Though most flipped classes are only in their first year, many professors have had their lectures filmed and posted online for years by the Stanford Center for Professional Development (SCPD), which allows non-Stanford students to access and learn from Stanford lecturers.

The unintended side effect of SCPD posting classes online, however, is that once a lecture goes online, attendance from Stanford students drops drastically.

“It is very common, if your lecture is recorded by SCPD, to have your class attendance to go down to 20 or 30 percent,” Widom said. “Pretty much everybody experiences that whose lectures are recorded.”

Levis agreed, and said that the low attendance in SCPD classes was “one of the things that prompted people to start exploring” flipped classrooms, which require attendance in class for discussion and questions.

“If 80 percent are watching the videos [instead of attending lecture], maybe we can make better videos than somebody talking in front of a class for 75 minutes,” he said. “That’s what sort of prompted this whole shift.”

The videos that flipped classroom students are required to watch are typically much shorter than a lecture – ranging from about three to 25 minutes – since the professor doesn’t have to stop for questions and knows that students can rewind and review the material.

Engineering professor Bruce Clemons said that these videos allow students of different knowledge and ability to access the same material.

“[Students] can look at [the videos] while watching reruns of ‘The Andy Griffith Show’ if they know this stuff already, or watch them and rewind them many times over,” he said at the Oct. 25 meeting of the Faculty Senate.

But Jose Pons Vega ’14, a student in Levis’ computer networking course, said that there are drawbacks to learning the material through videos.

“It’s very convenient that you can go back and look at what you just saw and look at the material again, but also it’s troublesome because [videos] don’t have any feedback,” he said. “Sometimes they may go over a certain portion of the material that’s pretty difficult, and [the video] may spend a couple seconds on it. It’s hard to tell them to elaborate more when you’re not there…raising your hand and asking questions.”

The flipped classes are not designed only for Stanford students. Videos for flipped classes are sometimes made to be massive open online courses posted to platforms Coursera or Class2Go, allowing students worldwide to take the class. Widom’s databases course, for example, was hugely popular on Coursera: More than 25,000 students submitted work for the class and 6,000 did enough to receive “statements of accomplishment.”
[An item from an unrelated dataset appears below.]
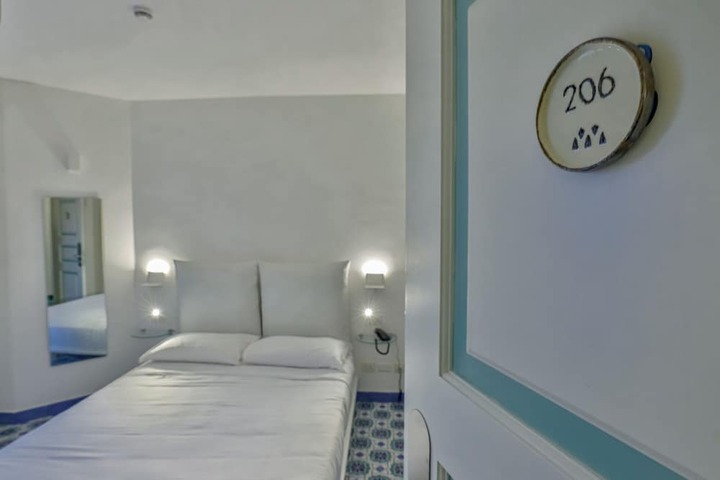 Room 7 of 50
Students and teachers agree that the flipped classroom environment has changed classroom dynamics for the better.

Levis, who has been able to use class time to host weekly guest lecturers thanks to time freed up by flipping his class, has brought in experts like Amin Vahdat, the man responsible for building Google’s network infrastructure, and Vint Cerf, referred to as the “grandfather of the Internet.”

“[Having speakers] is very interesting, because the material gets directly applied to a real world problem, which is something everybody enjoys,” Vega said. “Nobody likes doing work that’s just school work.”

According to Clemons, the flipped classroom has allowed him not just to improve the quality of his class, but also to connect more personally with his students.

“I think I’m getting to know the students better than if I stand up there and lecture and say, ‘Are there any questions?…Anybody, anybody? Bueller?'” he said.